Oil and gas extraction 

According to the Center for Disease Control, between 2003 and 2009, 716 oil and gas extraction workers were killed on the job in the US alone, putting the annual fatality rate at 27.5 deaths per 100,000 workers.

The majority of these deaths were workers being struck by tools or equipment (20%), followed by explosions (8%), workers caught or compressed in moving machinery or tools (7%), and falls to lower levels (6%).

The same report stated that workers in an American oil and gas facility are seven times more likely to be killed on the job than the average worker.
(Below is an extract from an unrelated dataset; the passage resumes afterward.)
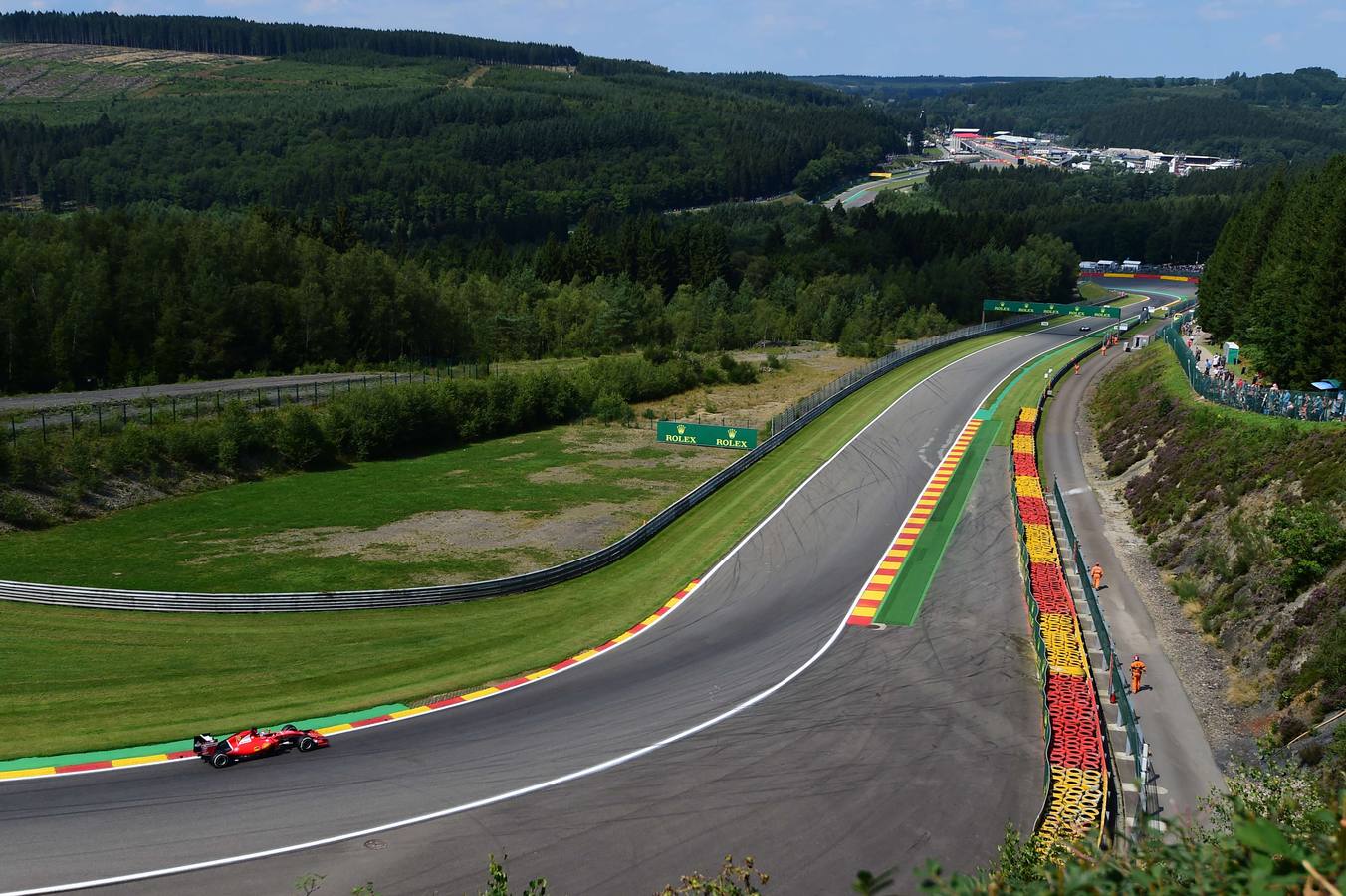 Las mejores imágenes de los entrenamientos libres del Gran Premio de Fórmula-1 de Bélgica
As the industry is more tightly regulated in the US than in other countries, global statistics are hard to pin down, but likely to be far higher.

Uranium mining

The main danger associated with the nuclear industry is the potential radiation effects of the materials mined. In addition to the occasional devastating accidents such as those seen at Fukushima in 2011 and Chernobyl in 1986, there are the health risks that come from protracted exposure to the radon decay products in uranium.

A study from The National Institute for Occupational Safety and Health, which looked at 3,238 uranium miners who worked underground for at least one month, reported 371 deaths from lung cancer, six times more than the expected figure. Similarly, 41 pneumoconiosis deaths were reported, 24 times higher than predicted and 13 deaths from tuberculosis were reported, four times higher than anticipated.

Overall, the group found that 1,595 of the miners died from mining-related health conditions.

Nuclear waste disposal

While the waste from nuclear power is far smaller than that produced by other methods of energy generation, it is a hazardous material that is incredibly difficult to dispose of. The waste also has an extremely long half-life, meaning it continues to be volatile for up to thousands of years after it has been stored. As such, risks are high for those involved in the storage, transportation and disposal of the material.

It is difficult to measure the impacts of radiation on the human body due to the slow and ‘hidden’ way it changes cells. However, aside from acute radiation symptoms such as seizures and hair loss, radioactive substances have longer-term health effects, causing chronic cardiovascular and gastrointestinal conditions, as well as diseases of the nervous system, diabetes and a host of cancers such as lung, skin, breast and stomach. 

Nuclear waste disposal completes the list of the seven most dangerous jobs in the energy sector.